J'ai fait l'effort, monsieur le ministre, d'imaginer « le jour d'après » votre réforme et de regarder attentivement ce que sera la carte de France, notamment dans ces départements où il y a à la fois une grande ville et des zones rurales. Étonnamment, ce travail ne figure pas dans votre étude d'impact. Il ne figure pas non plus dans le rapport de M. Popelin et je comprends, parce que le résultat de ce travail est assez effroyable.

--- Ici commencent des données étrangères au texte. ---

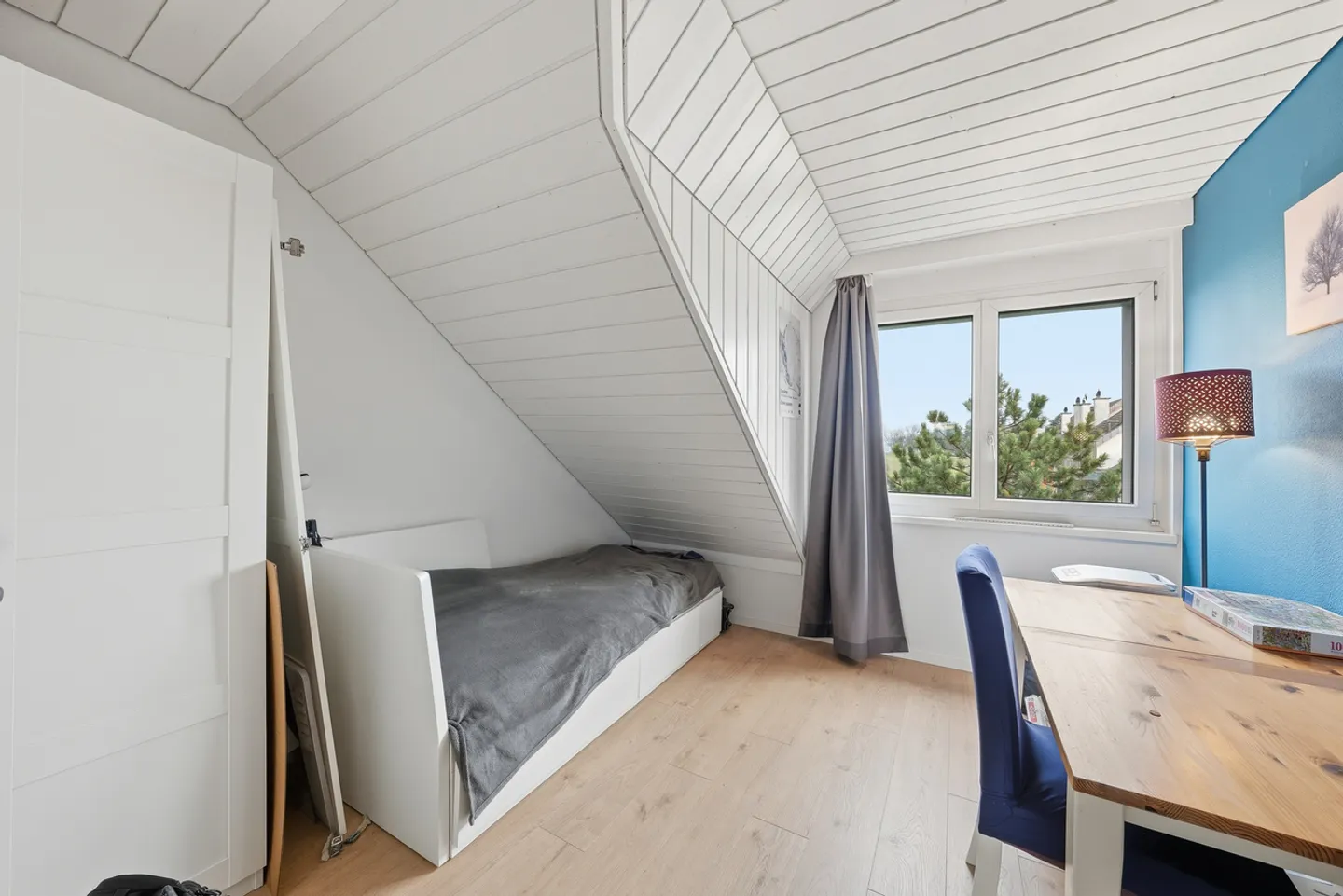 Charmant Appartement Duplex avec Vue Lac - Photo 9 sur 13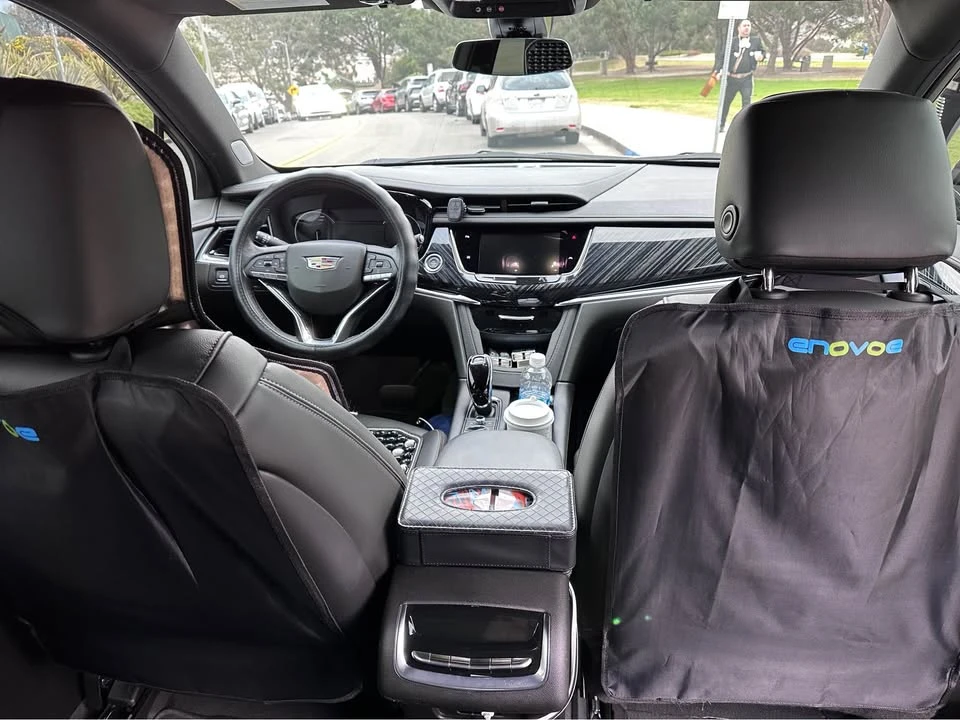 2023 Cadillac XT6 - Image 10 of 14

Je vais me permettre, puisque j'en ai le temps, de vous donner quelques exemples des conséquences de votre texte. Dans la quatrième circonscription de la Côte-d'Or, chez notre collègue Sauvadet, avec une population moyenne par canton de 22 798 habitants, vous n'êtes assuré de faire que quatre cantons, au maximum cinq, là où il y en a aujourd'hui dix-sept. On passe de dix-sept à quatre ou cinq !

Dans la huitième circonscription de la Haute-Garonne, chez Mme Delga, avec des cantons qui devront faire 46 061 habitants en moyenne, vous n'êtes assurés de faire que deux cantons, trois au maximum – et encore, aux dépens d'une circonscription voisine –, là où l'on en compte aujourd'hui quatorze !

Dans la cinquième circonscription du Puy-de-Dôme, chez notre collègue André Chassaigne, avec une population moyenne de 20 397 habitants par cantons, vous n'en ferez plus que six – sept au maximum – là où il y en a aujourd'hui dix-huit.

Dans la troisième circonscription de la Dordogne, chez Mme Langlade, avec des cantons qui feront en moyenne 16 566 habitants, vous n'en aurez plus que quatre – cinq éventuellement, au détriment des circonscriptions voisines –là où il y en a quinze actuellement.

Dans la cinquième circonscription de l'Hérault, chez notre collègue Kléber Mesquida, avec des cantons moyens de 41 782 habitants, vous n'êtes assurés de faire que deux cantons, trois au maximum, là ou il y en a aujourd'hui treize.

Dans la troisième circonscription des Landes, chez notre collègue le

président Emmanuelli – je ne sais pas s'il a eu les chiffres, je vais les lui communiquer –, avec des cantons moyens de 25 621 habitants, vous ne ferez plus que quatre cantons, peut-être cinq, là où il y en a aujourd'hui quatorze.

J'arrête là, mais le jeu de massacre, vous le voyez, est assez effroyable. Monsieur le ministre, la mise oeuvre de ce projet de loi en l'état, tel que le Sénat dans sa sagesse l'a rejeté, entraînerait non pas un redécoupage électoral, même pas ce qu'on appelle un « charcutage » pour reprendre l'expression généralement utilisée de manière malveillante, mais une véritable boucherie pour les territoires ruraux, dont trois cantons sur quatre, voire quatre sur cinq vont disparaître au profit de grands ensembles sans cohérence géographique ni historique. (Applaudissements sur les bancs des groupes UMP et UDI.)